---- Available data
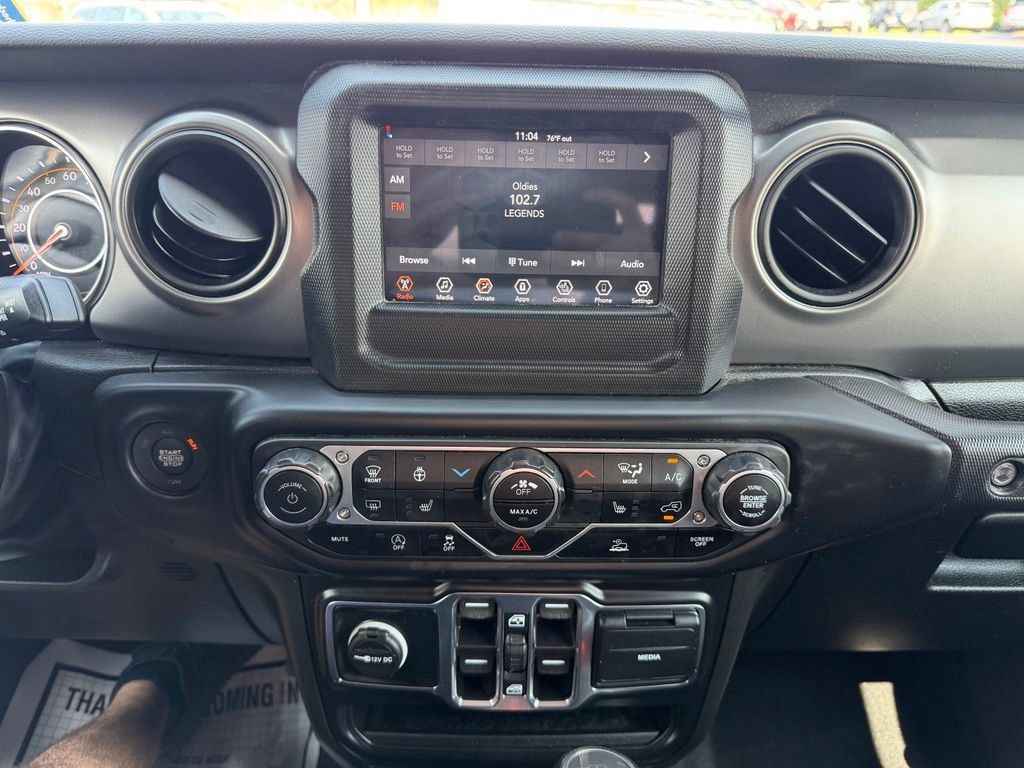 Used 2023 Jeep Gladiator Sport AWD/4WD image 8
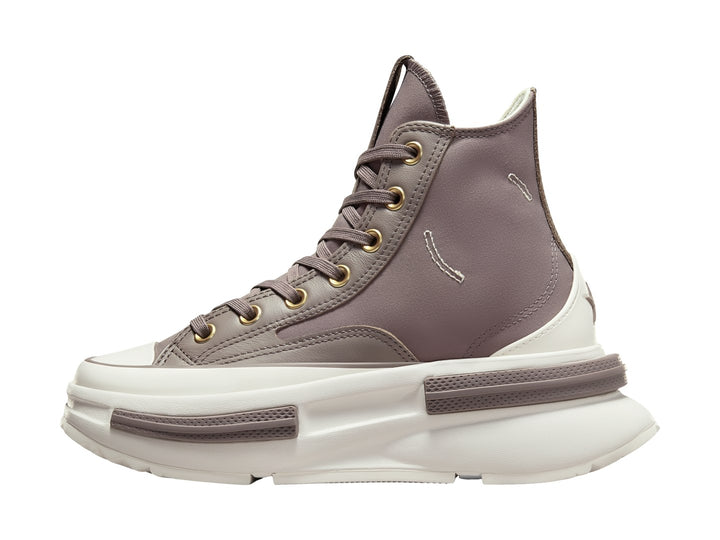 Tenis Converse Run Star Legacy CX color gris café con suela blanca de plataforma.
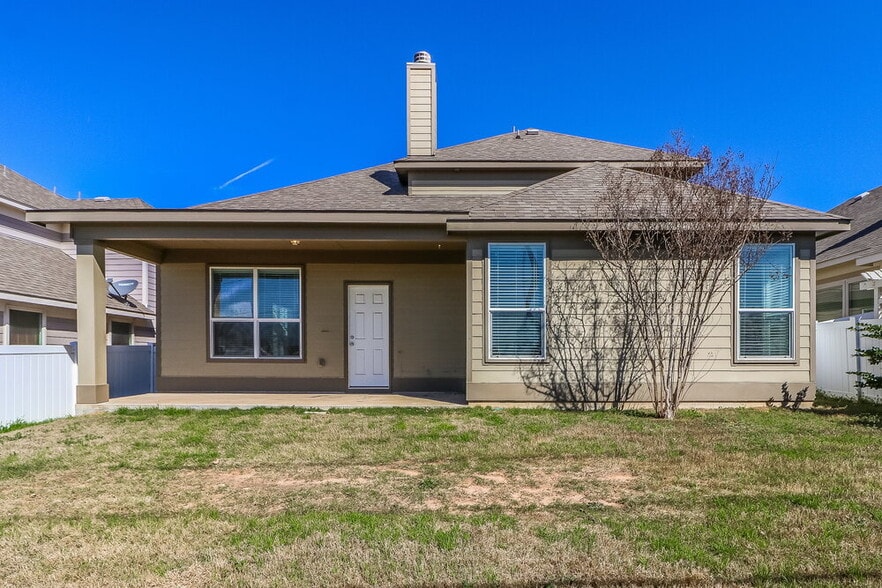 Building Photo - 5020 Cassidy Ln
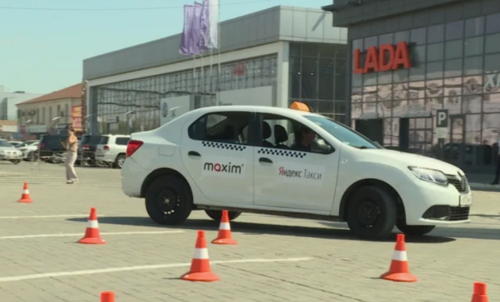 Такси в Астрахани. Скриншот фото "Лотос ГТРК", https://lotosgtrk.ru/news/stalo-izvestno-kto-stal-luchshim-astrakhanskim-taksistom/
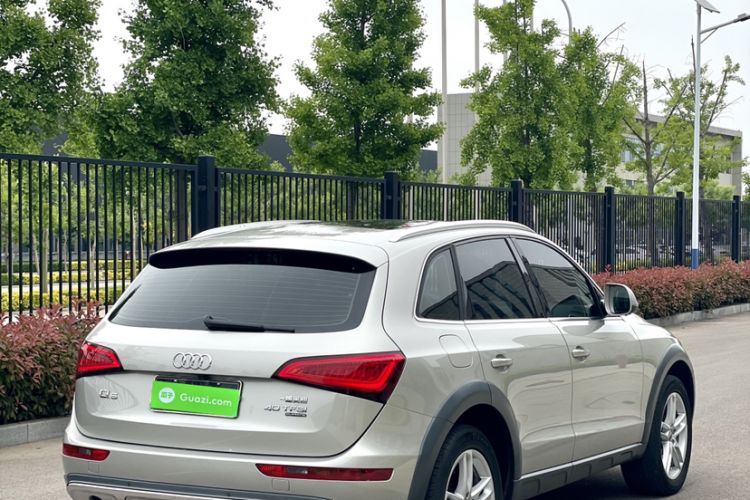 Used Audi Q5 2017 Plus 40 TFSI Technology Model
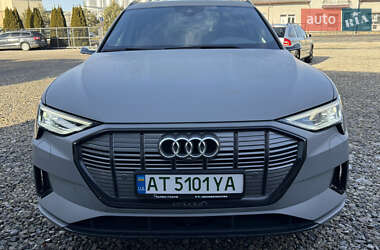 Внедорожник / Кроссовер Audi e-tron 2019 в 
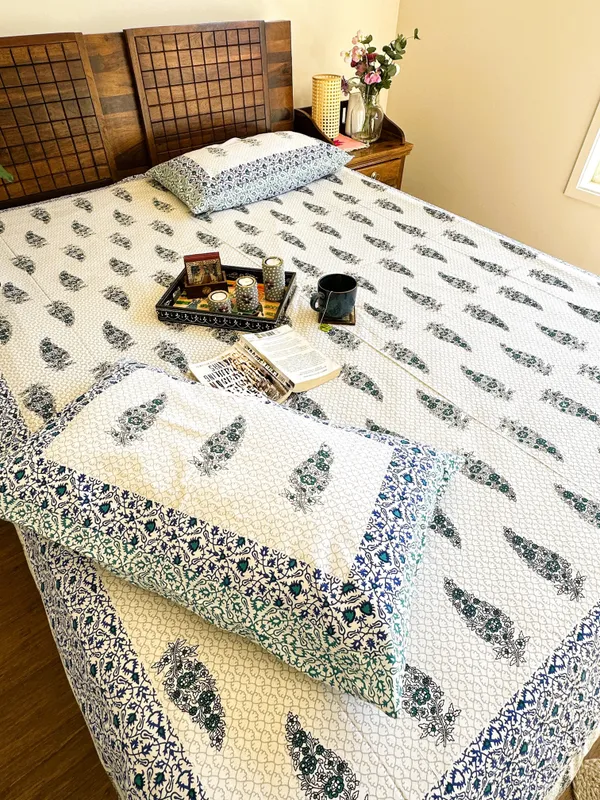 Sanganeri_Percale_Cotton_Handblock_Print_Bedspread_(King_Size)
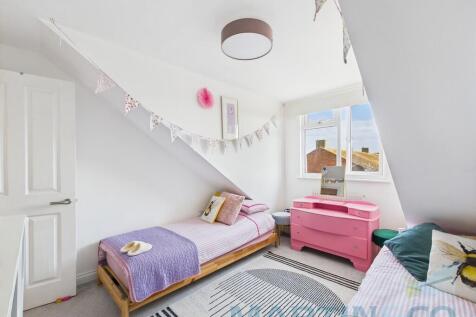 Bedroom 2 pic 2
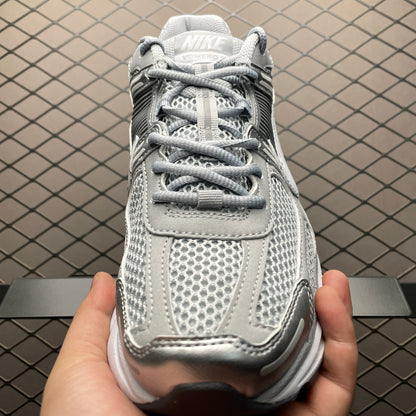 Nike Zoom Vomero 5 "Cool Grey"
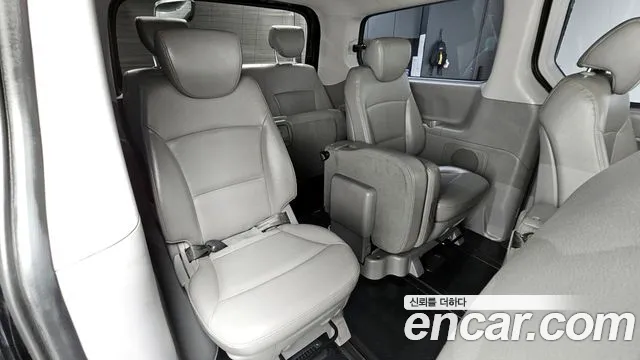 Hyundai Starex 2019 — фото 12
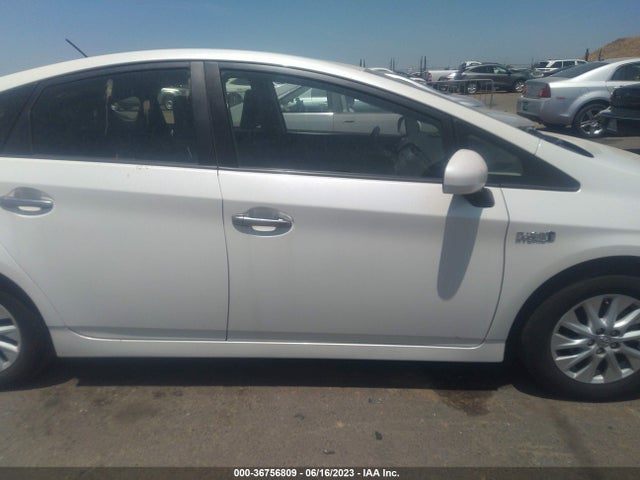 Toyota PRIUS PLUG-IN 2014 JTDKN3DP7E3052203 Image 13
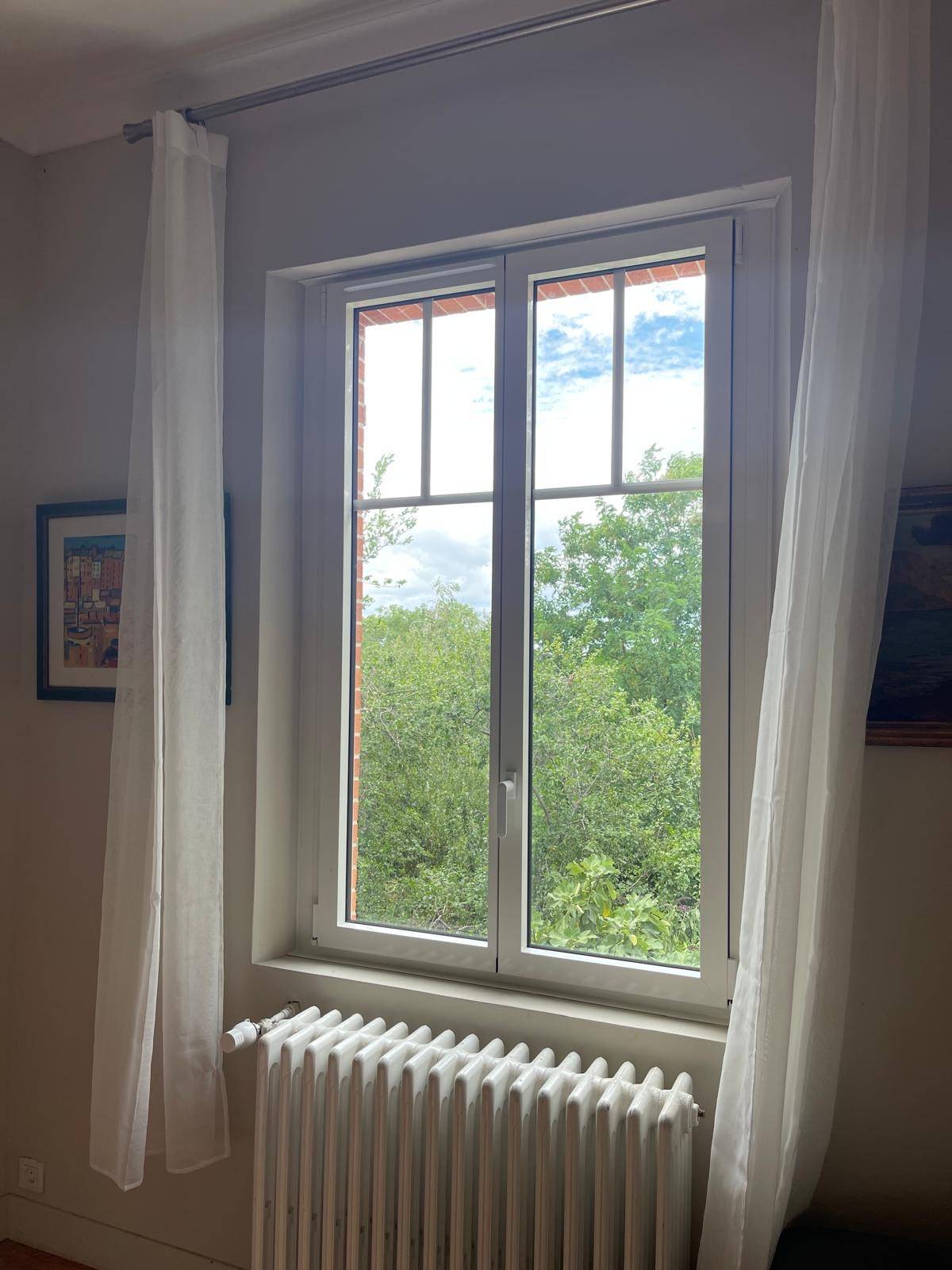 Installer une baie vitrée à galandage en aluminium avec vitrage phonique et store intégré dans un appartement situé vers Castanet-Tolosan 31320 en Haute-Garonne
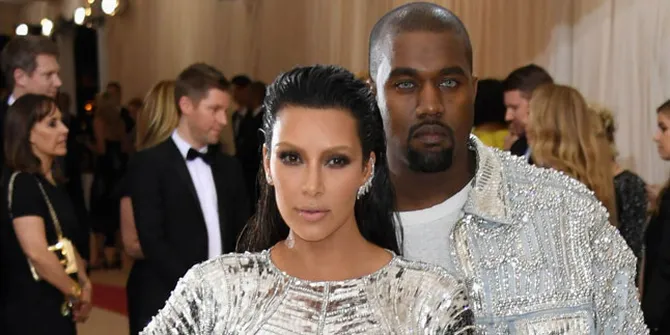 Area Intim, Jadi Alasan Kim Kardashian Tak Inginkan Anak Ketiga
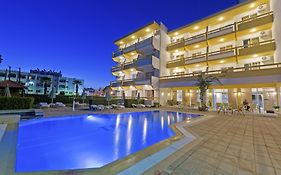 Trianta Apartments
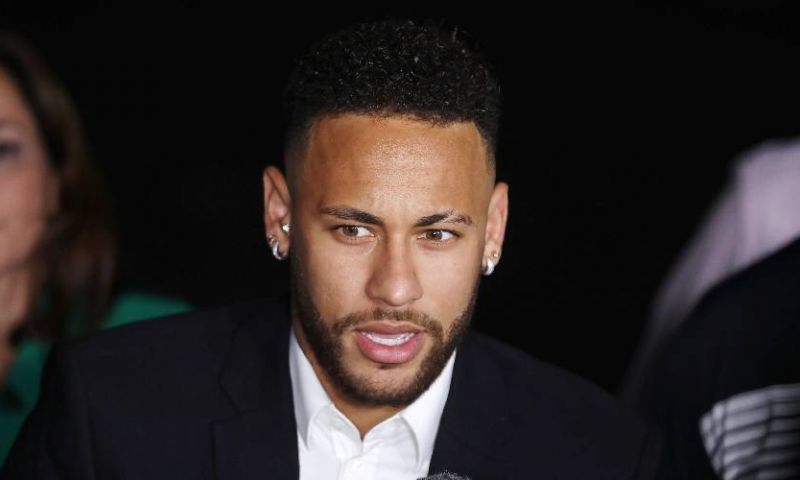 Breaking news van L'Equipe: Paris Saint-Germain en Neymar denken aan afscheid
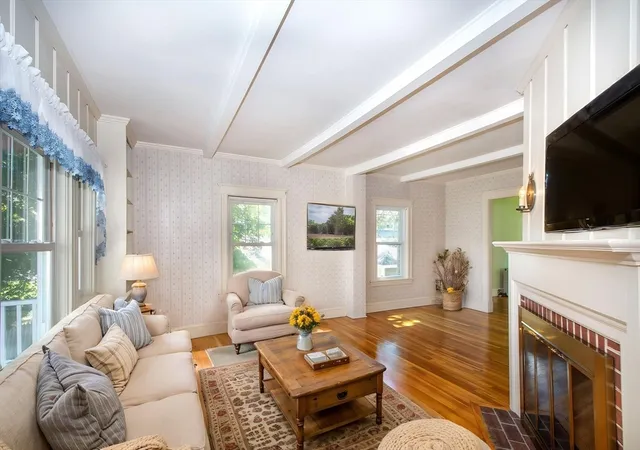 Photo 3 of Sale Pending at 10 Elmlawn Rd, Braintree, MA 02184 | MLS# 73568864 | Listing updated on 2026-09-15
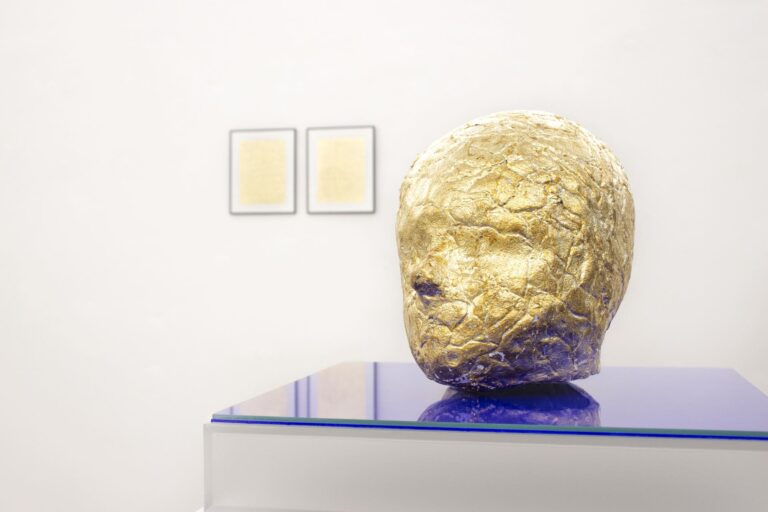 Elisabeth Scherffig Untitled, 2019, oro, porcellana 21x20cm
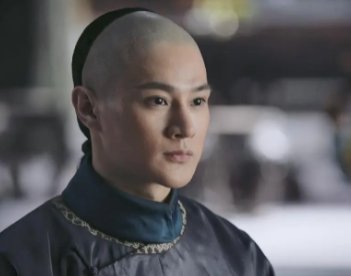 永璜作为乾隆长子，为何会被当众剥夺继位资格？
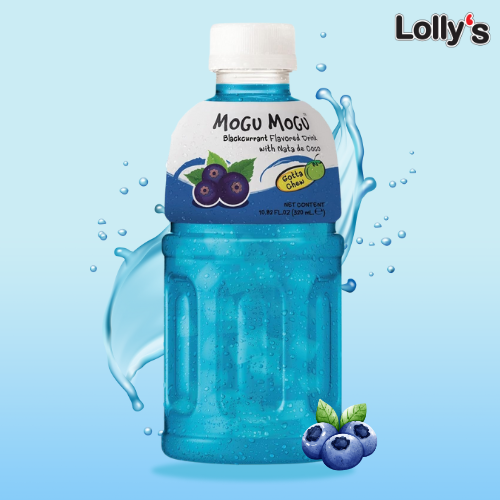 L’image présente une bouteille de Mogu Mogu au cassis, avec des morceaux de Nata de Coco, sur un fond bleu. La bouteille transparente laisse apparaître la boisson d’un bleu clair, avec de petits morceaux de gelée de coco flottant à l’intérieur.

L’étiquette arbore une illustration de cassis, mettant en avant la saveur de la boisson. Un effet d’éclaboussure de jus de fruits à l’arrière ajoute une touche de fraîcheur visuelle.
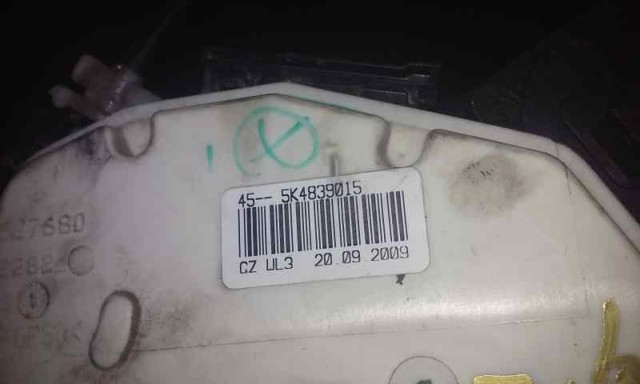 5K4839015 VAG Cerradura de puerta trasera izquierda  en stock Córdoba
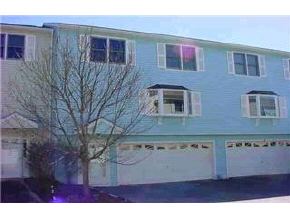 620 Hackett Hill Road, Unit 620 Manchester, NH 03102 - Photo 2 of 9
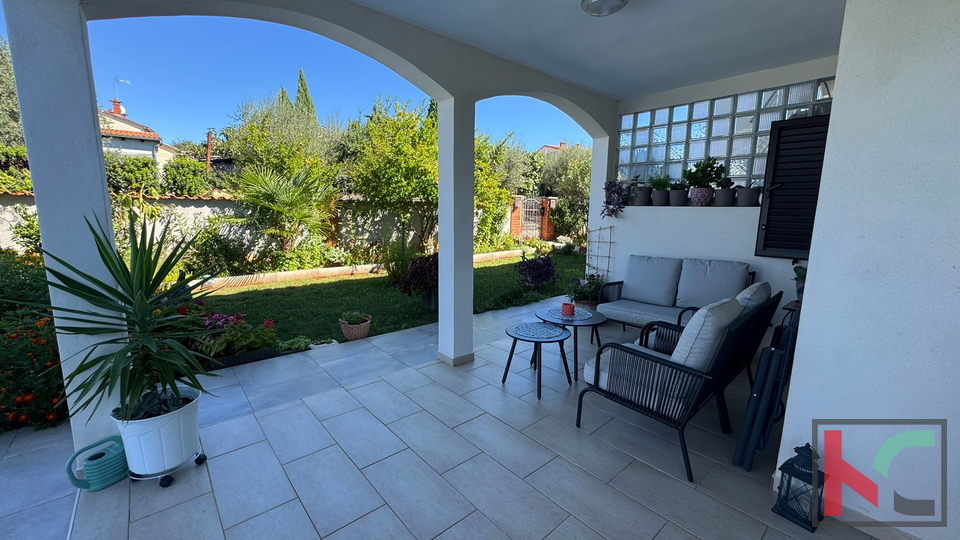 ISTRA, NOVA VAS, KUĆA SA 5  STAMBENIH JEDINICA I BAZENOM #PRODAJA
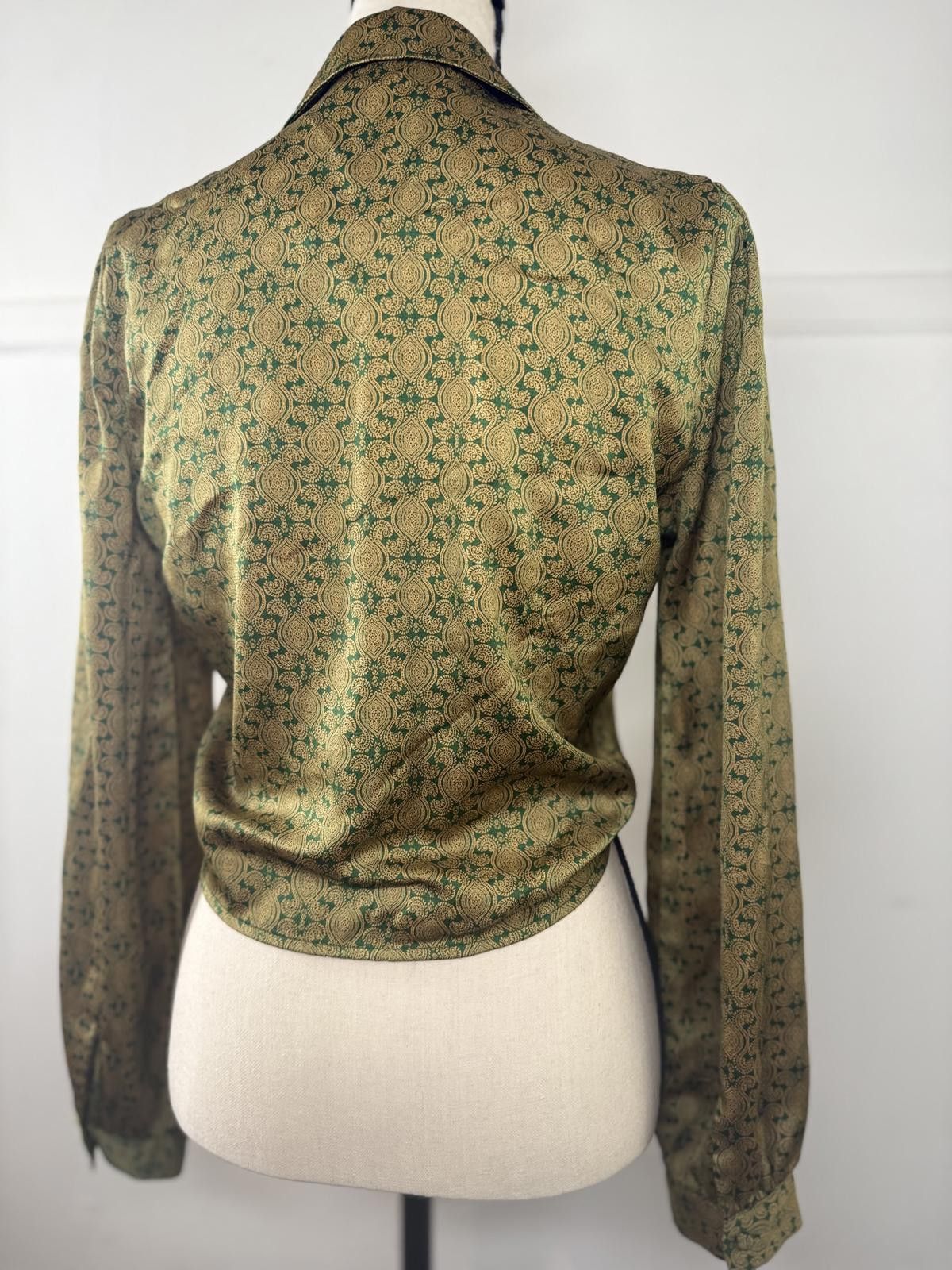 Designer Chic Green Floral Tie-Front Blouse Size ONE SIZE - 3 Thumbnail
--------
> [Prompt]:
Repeat exactly and only the lines from the one holding "L’étiquette arbore une" through the final line of the entries; no pictures.

> [Written answer]:
L’étiquette arbore une illustration de cassis, mettant en avant la saveur de la boisson. Un effet d’éclaboussure de jus de fruits à l’arrière ajoute une touche de fraîcheur visuelle.
 5K4839015 VAG Cerradura de puerta trasera izquierda  en stock Córdoba
 620 Hackett Hill Road, Unit 620 Manchester, NH 03102 - Photo 2 of 9
 ISTRA, NOVA VAS, KUĆA SA 5  STAMBENIH JEDINICA I BAZENOM #PRODAJA
 Designer Chic Green Floral Tie-Front Blouse Size ONE SIZE - 3 Thumbnail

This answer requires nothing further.